I’ve never been a picky eater, and one of my favorite food groups is seafood, from sashimi to all sorts of cooked shellfish. So when I scrolled across Facebook and saw a video where a guy was eating oysters, I continued to watch, thinking it was your usual cooking/food video. However, a few seconds later, the screen panned to a research lab setting with the dissection of an oyster and a microscopic screen with tiny plastics inside the flesh.
I quickly realized that it wasn’t a cooking video, but rather a short environmental documental video from NPR titled “How Much Plastic Do You Want in Your Oysters and Clams?” Everyone who knows anything about the environment knows that plastic production and consumption have trashed our planet for the worse. I knew how incredibly destructive plastic is to our planet, as demonstrated by the numerous plastic patches across our oceans and congregated in ocean gyres. Nonetheless, it was again shocking and saddening to reflect on how the rampant consumption has reached a point where the clams and oysters we eat would now include a delightful side dish of microplastics.

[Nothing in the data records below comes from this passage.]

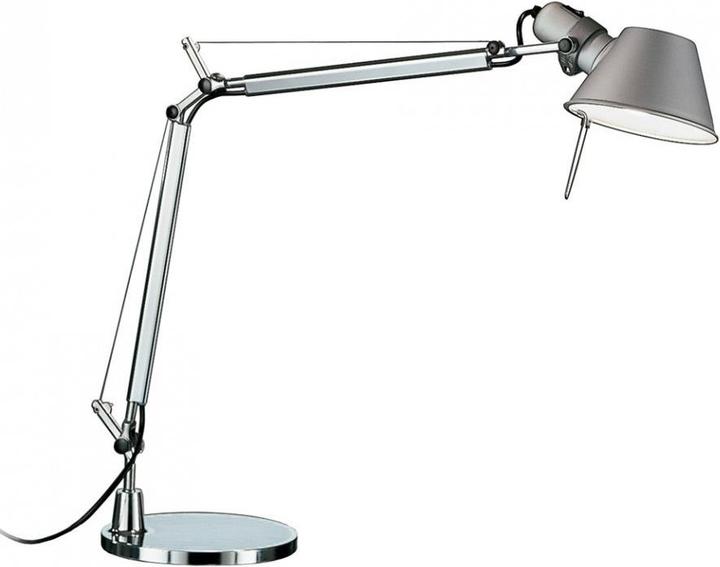Produktbild Artemide Tolomeo Mini (E27)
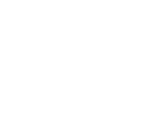 icon repair png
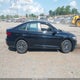 3VWC57BU0KM256014 2019 Volkswagen Jetta 1.4T R-Line/1.4T S/1.4T Se auction photo thumbnail 14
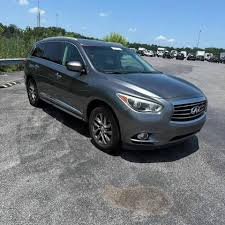 Image result for Daytona Gray 2014 RS5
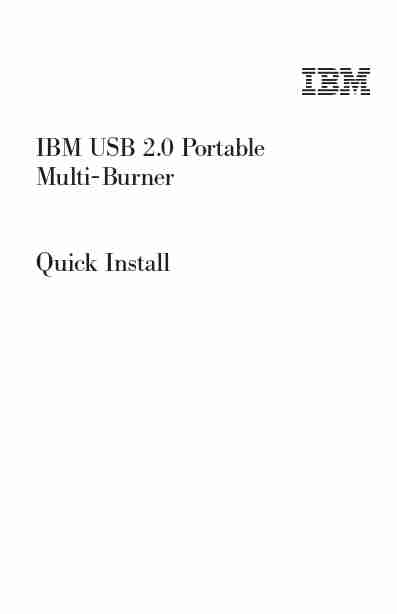 IBM Computer Drive 22P9189-page_pdf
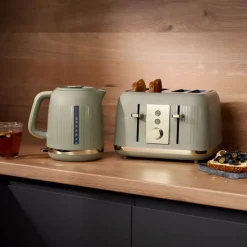 Dusk Jug Kettle
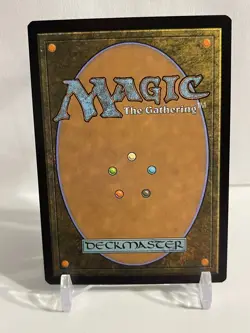 MTG - Heroic Intervention, Regular Rare, AER, #109/184, NM, (June 31) - Image 2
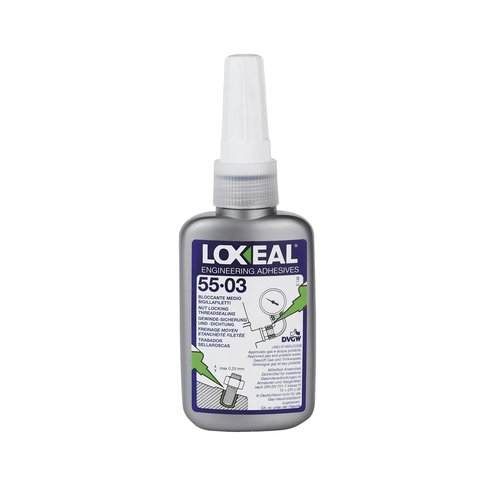 Loxeal 55-03 Schraubensicherung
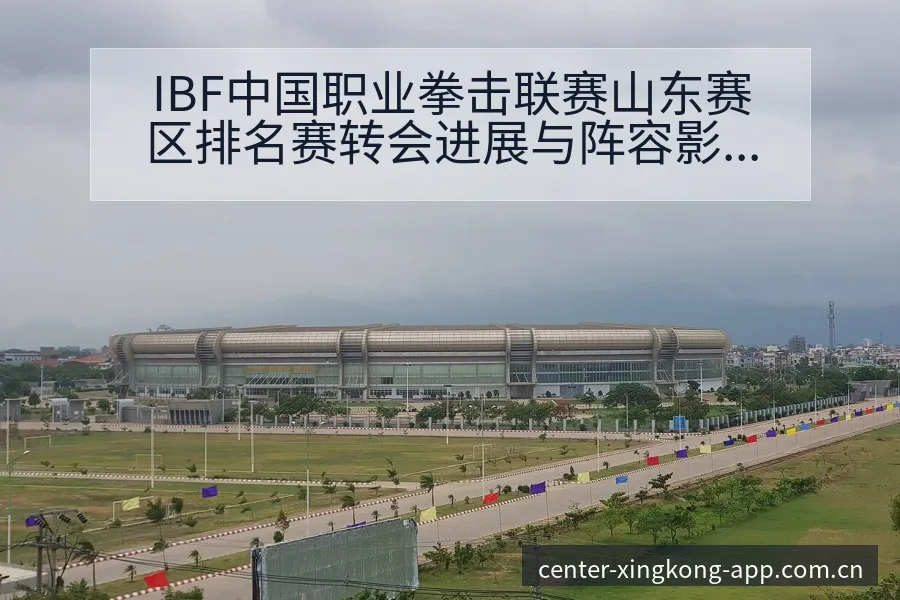 IBF中国职业拳击联赛山东赛区排名赛转会进展与阵容影响 - 星空官网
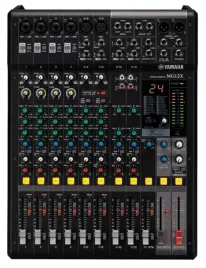 yamaha-mg12x-cv-mikser-analogowy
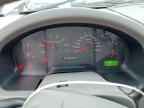 2007 FORD F-150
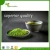 Import Hot sale Japanese matcha green tea with powder from China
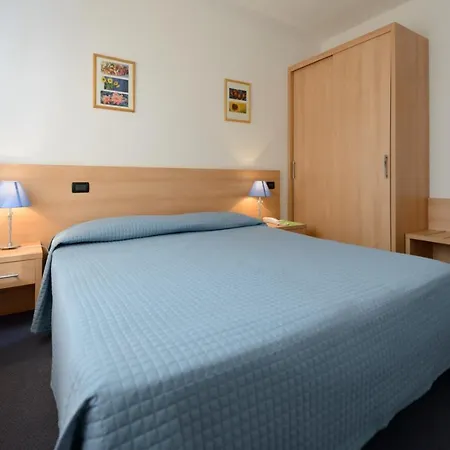 Ciao Hotel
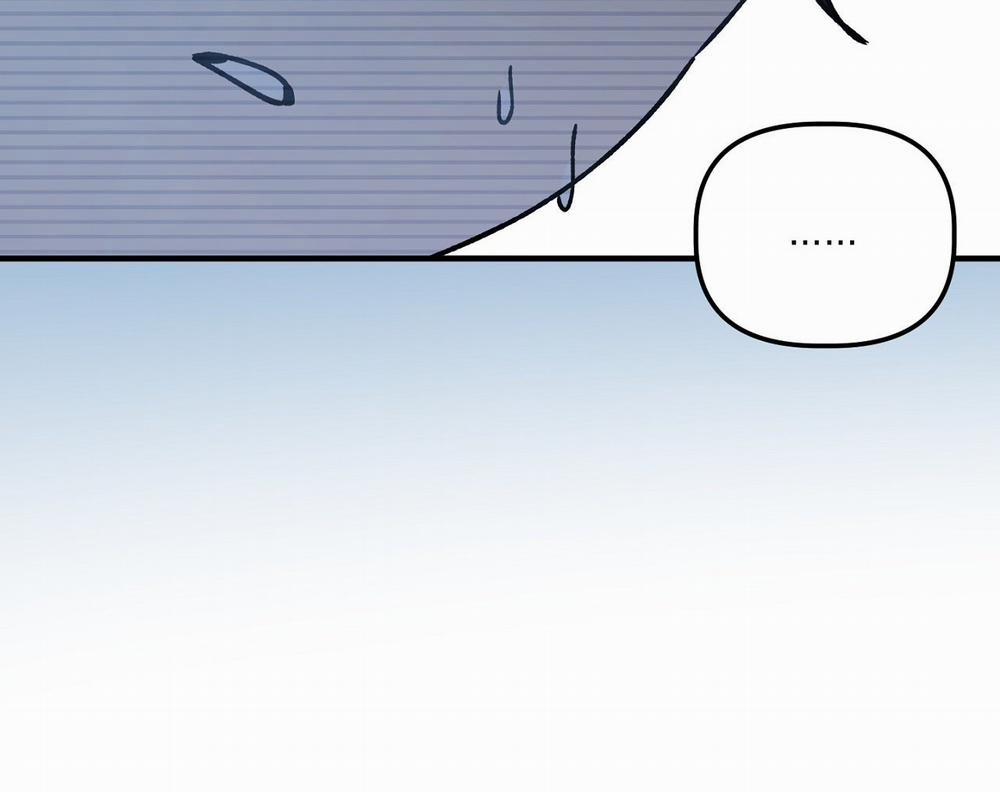 [18+] Anh Đã Hiểu Chưa? 55.2 trang 74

Perhaps it was the specific focus on the fact that it was microplastics, rather than larger chunks of plastic, that caught me off guard. The National Oceanic and Atmospheric Administration defines microplastics as “small plastic pieces less than five millimeters long.” They come from various sources such as degraded larger plastic debris and microbeads that are made up of polyethylene plastic and added to exfoliants in health and beauty products. For example, the esthetician that I visit sells a cleanser that I don’t use with “polyethylene beads” included in the ingredients list. I have sent an email to them asking if they have any plans on phasing the use of the ingredient, especially as Congress passed the Microbead-Free Waters Act of 2015, requiring companies to stop using the microbeads in products by July 2017. (They replied back to me saying that “the ban on microbeads depends on which state it is made in and the manufacturer for the scrubs is in California which has a Jan 1st 2018 deadline on production, but a 2020 deadline on over the counter sales.” However, they will “[phase] over to non-microbeads in the [scrubs] as soon as [they] run out of [their] current stock.”)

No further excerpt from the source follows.